### [The data]
BEGIN

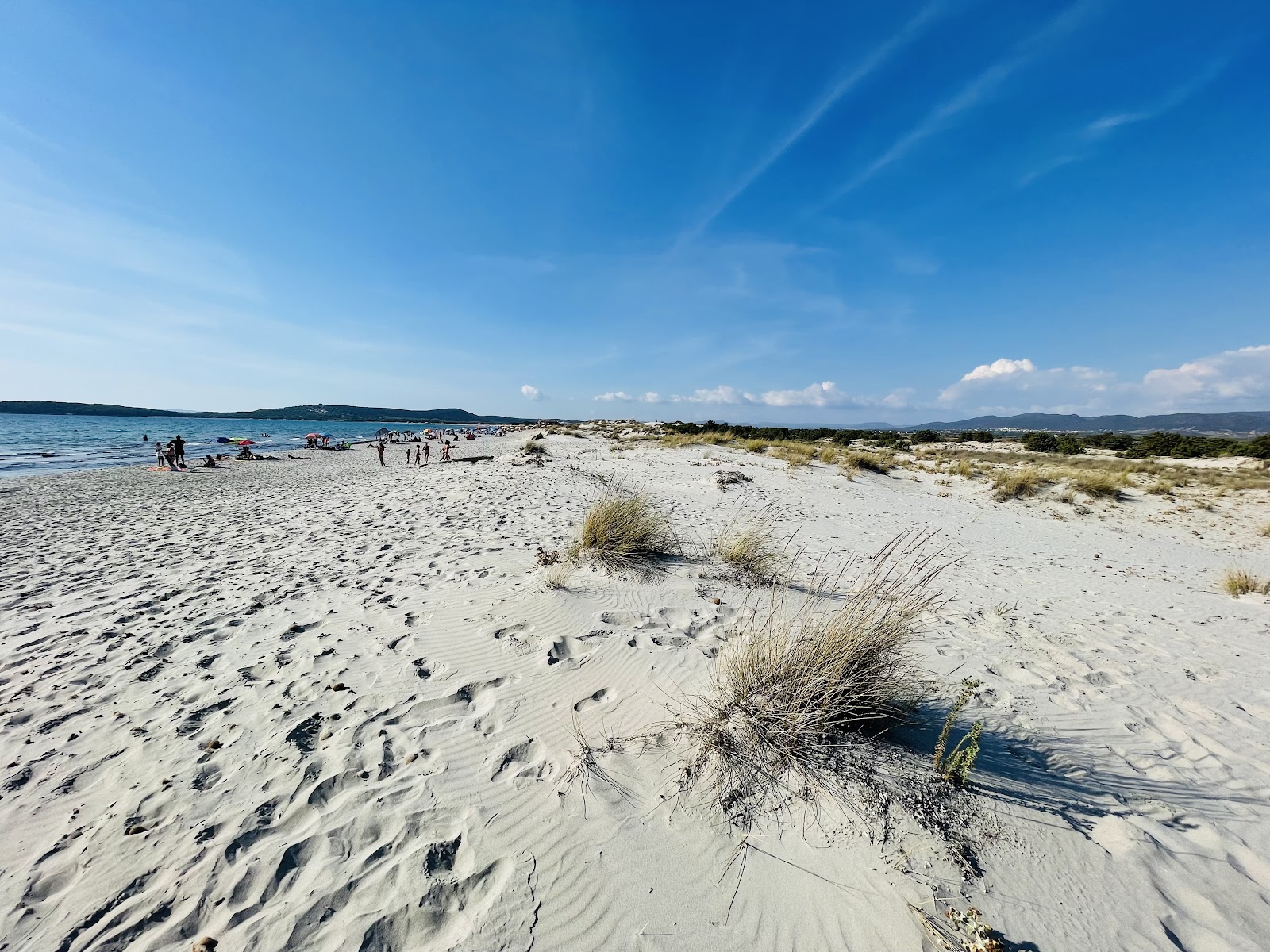 Spiaggia Di Porto Pino photo #9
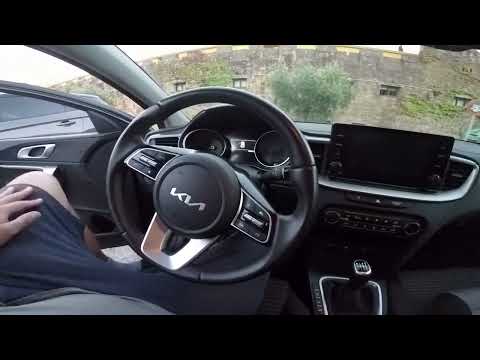 Видео: Обзор новый KIA XCEED 2024 | KIA у тебя получилось!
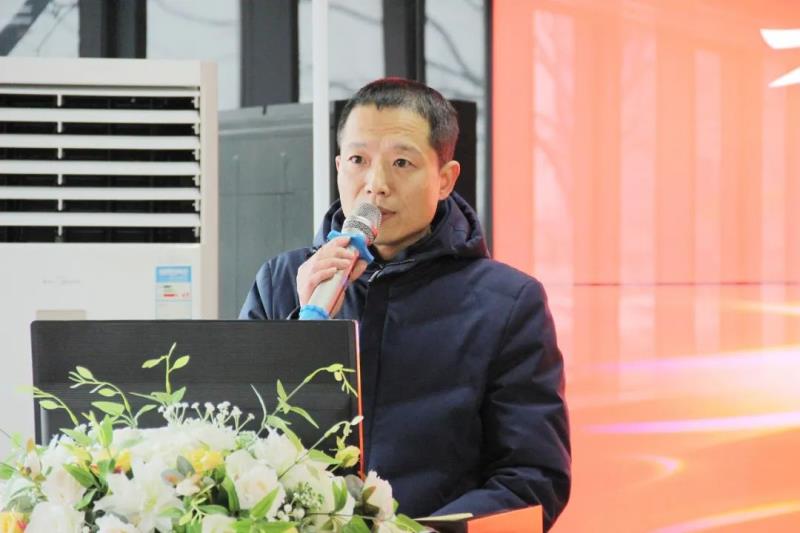 勝智能2023年度營(yíng)銷工作會(huì)議隆重召開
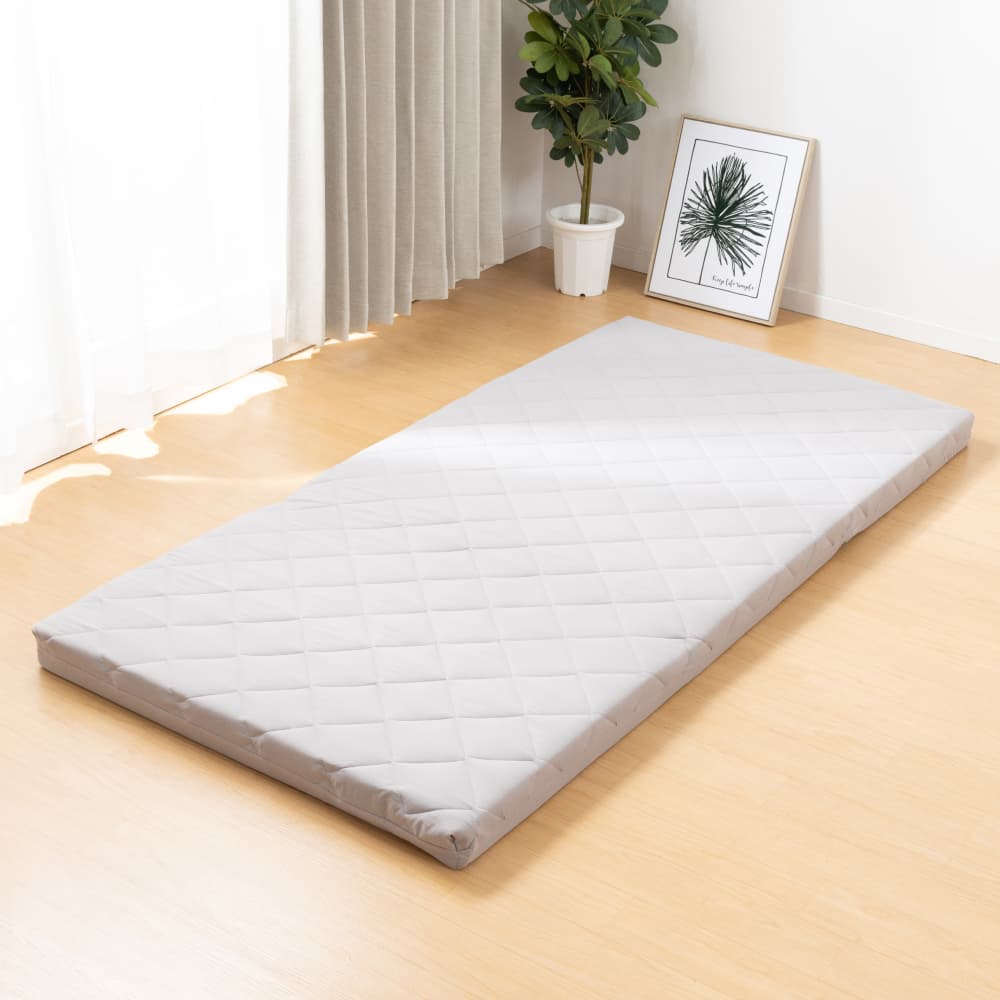 石墨烯高彈力可折床墊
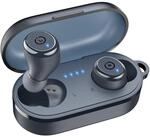 TOZO T10 Kopfh&ouml;rer Kabellos Bluetooth 5.3 In Ear Bluetooth Kopfh&ouml;rer mit kabelloses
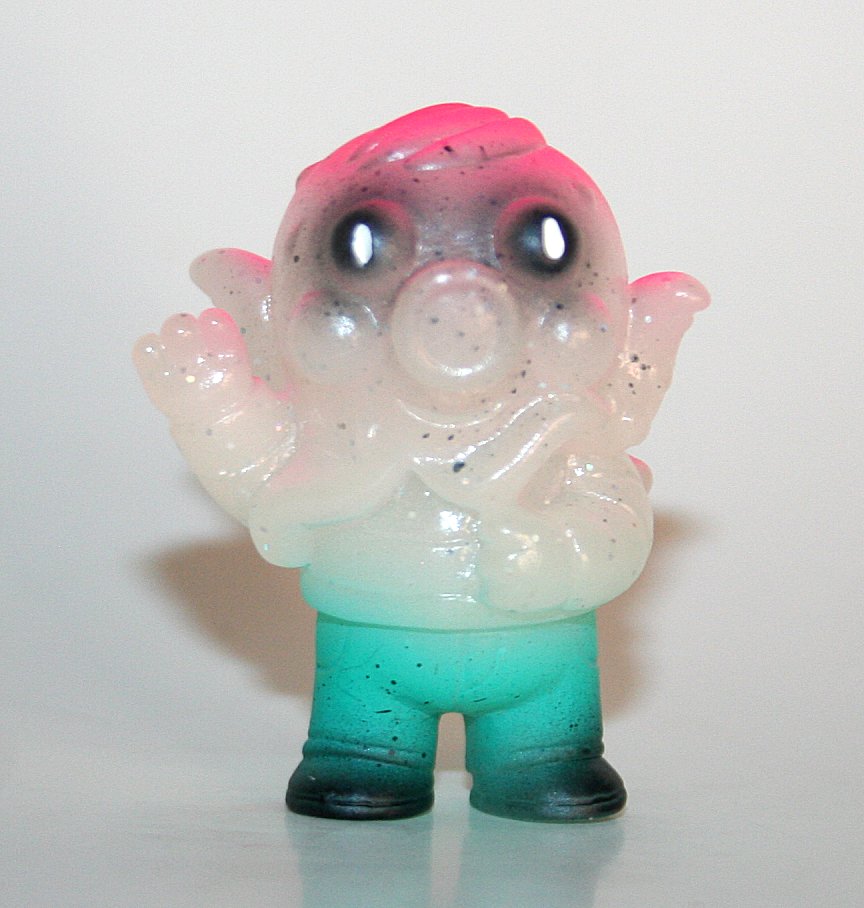 Gravy Toys Blue Pants Wee Little Waving Globby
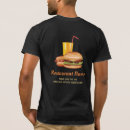 Search for hamburger tshirts Grill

END

### [Exercise instructions]
The whole listing should be transcribed exactly, though its pictures must be left out.

### [Worked solution]
 Spiaggia Di Porto Pino photo #9
 Видео: Обзор новый KIA XCEED 2024 | KIA у тебя получилось!
 勝智能2023年度營(yíng)銷工作會(huì)議隆重召開
 石墨烯高彈力可折床墊
 TOZO T10 Kopfh&ouml;rer Kabellos Bluetooth 5.3 In Ear Bluetooth Kopfh&ouml;rer mit kabelloses
 Gravy Toys Blue Pants Wee Little Waving Globby
 Search for hamburger tshirts Grill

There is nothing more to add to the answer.